# Mattar Paneer help



## velochic (Mar 21, 2006)

I found an ethnic grocery that has packaged indian paneer. The packaging says in English "Indian curd cheese". I love mattar paneer and would like to make it at home, but the idea of making the cheese has always been daunting. (Yakuta... are you out there????)   Is this by any chance the same cheese used in mattar paneer?  Also, any recipes for the entire dish would be wonderful.


----------



## Yakuta (Mar 21, 2006)

Hi velochic, yes that is most likely paneer (or Indian cheese).  It is actually pretty simple to make mattar paneer granted you have some basic spices or curry powder at your disposal.

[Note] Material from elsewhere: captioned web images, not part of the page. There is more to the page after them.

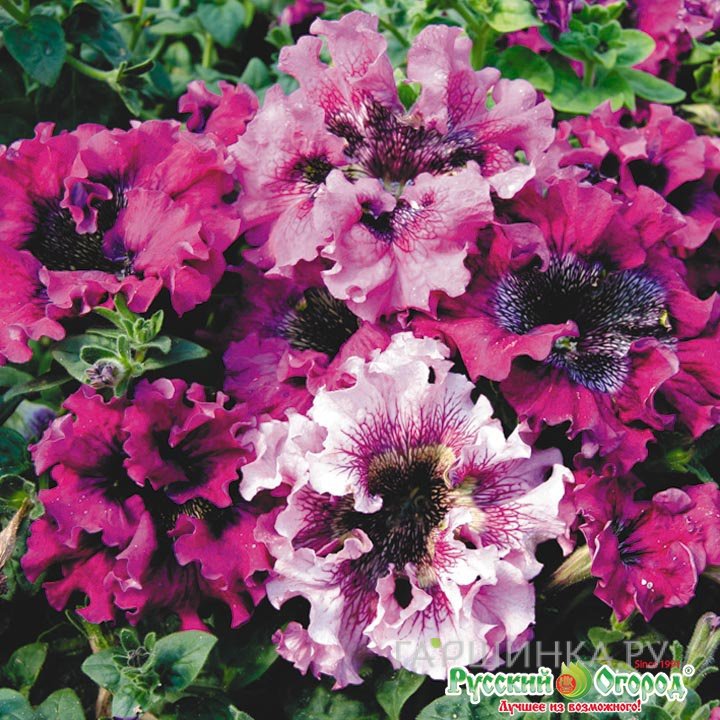 Петуния супербиссима Жабо смесь 12шт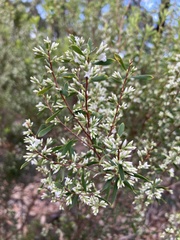 Styphelia mutica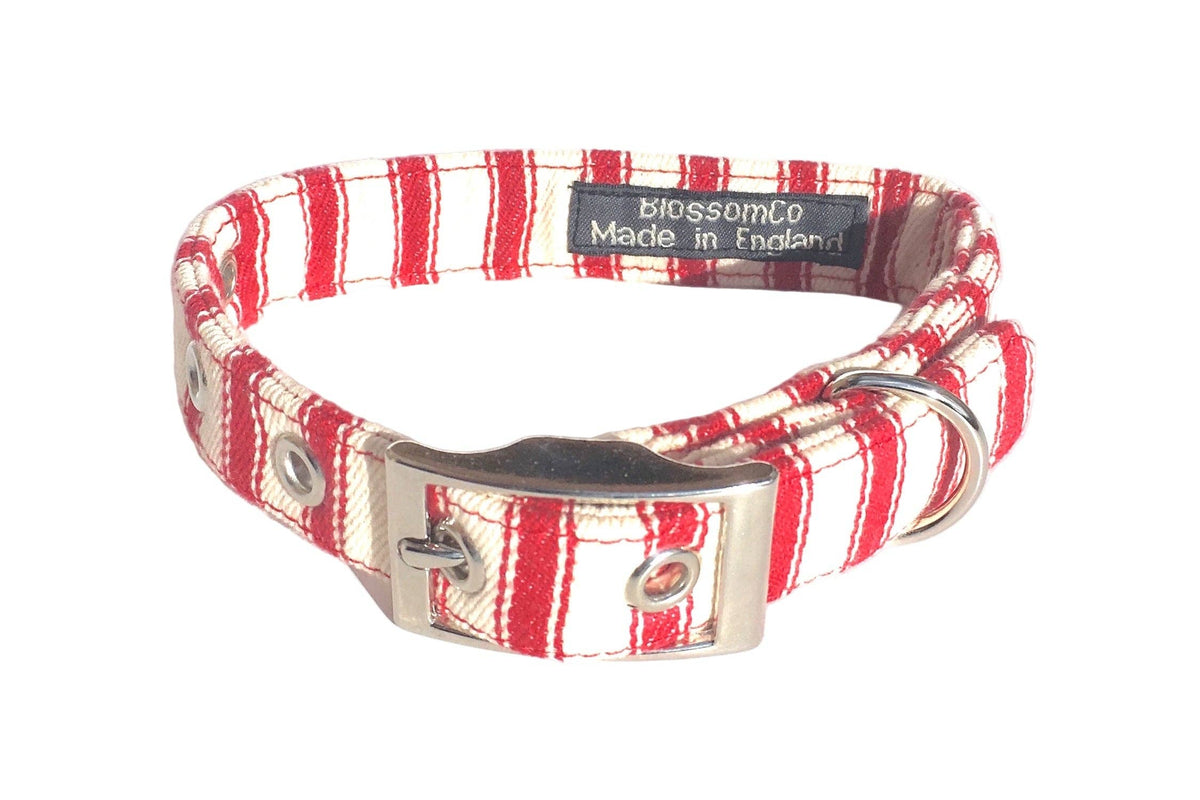 Seymour - Red Ticking Dog Collar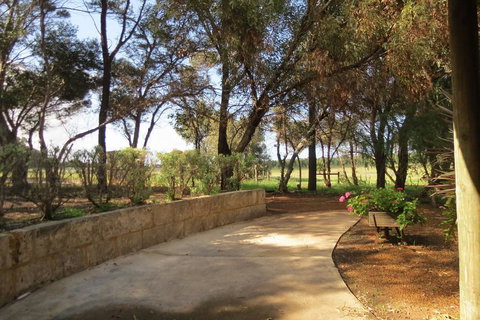 Bentwood Olive Grove Accommodation - Accommodation Gold Coast 2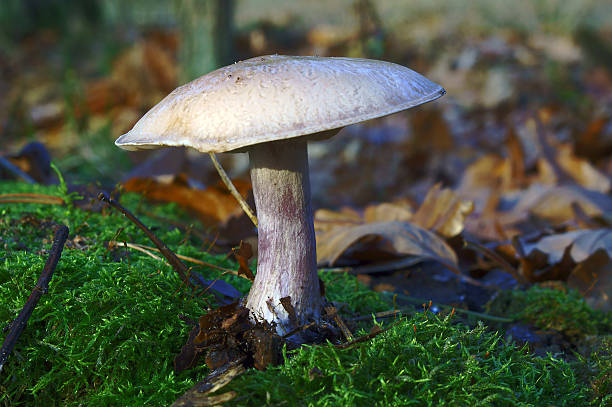 istock Goose Mushroom growing on moss 527136101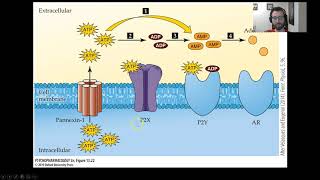 PSY305: Caffeine: Mechanisms of Action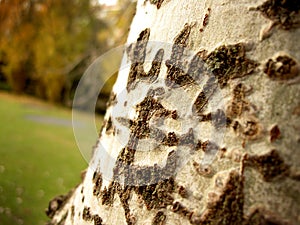 TREE BARK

You will need paneer (I make mine at home and if you are interested I can post a simple recipe)
2 cups of fresh or frozen peas (depending on your preference)
1 large onion finely chopped
2 cloves of garlic finely minced
1/2 stick of ginger finely grated
1 tsp of jeera (cumin seeds)
1 tbsp of curry powder (seems like a lot but you need it for flavor)
1 green chilli chopped (if you like it hot)
1/2 cup of sour cream or cream
2 large tomatoes finely diced
salt to taste
cilantro for garnish
3 tbsp of oil and then another 2-3 tbsp to lightly fry the paneer

In a saute pan add the 5 tbsp of oil and heat it on moderate heat.  Meanwhile cut the paneer into small cubes carefully without breaking them.  Lightly pan fry the paneer in the oil until it's lightly browned on one side.  Then carefully flip it and lightly brown it on the other side.  Remove and blot on a paper towel.

In another saute pan use 2tbsp of oil or you can use the oil left over from frying the paneer.  Once the oil is hot add the cumin seeds and toast them a bit.  Next add the chilli and onions and saute until the onions are translucent and lightly brown.  Next add the garlic, ginger and curry powder and saute it for a few more minutes.  Now add the tomatoes and a cup of water and cover and let it cook until the gravy releases oil.  You sometimes have to use elbow grease.  Now you will be left with a lumpy gravy.  Add another cup of water to it, followed by the cream, peas and paneer.  Cover and let it simmer for another 30 minutes.  Garnish with cilantro and serve with bread or rice of your choice.


----------



## Robo410 (Mar 21, 2006)

sounds wonderful!  I love Indian cuisine.


----------



## velochic (Mar 21, 2006)

I knew you'd be along to help me, Yakuta!!  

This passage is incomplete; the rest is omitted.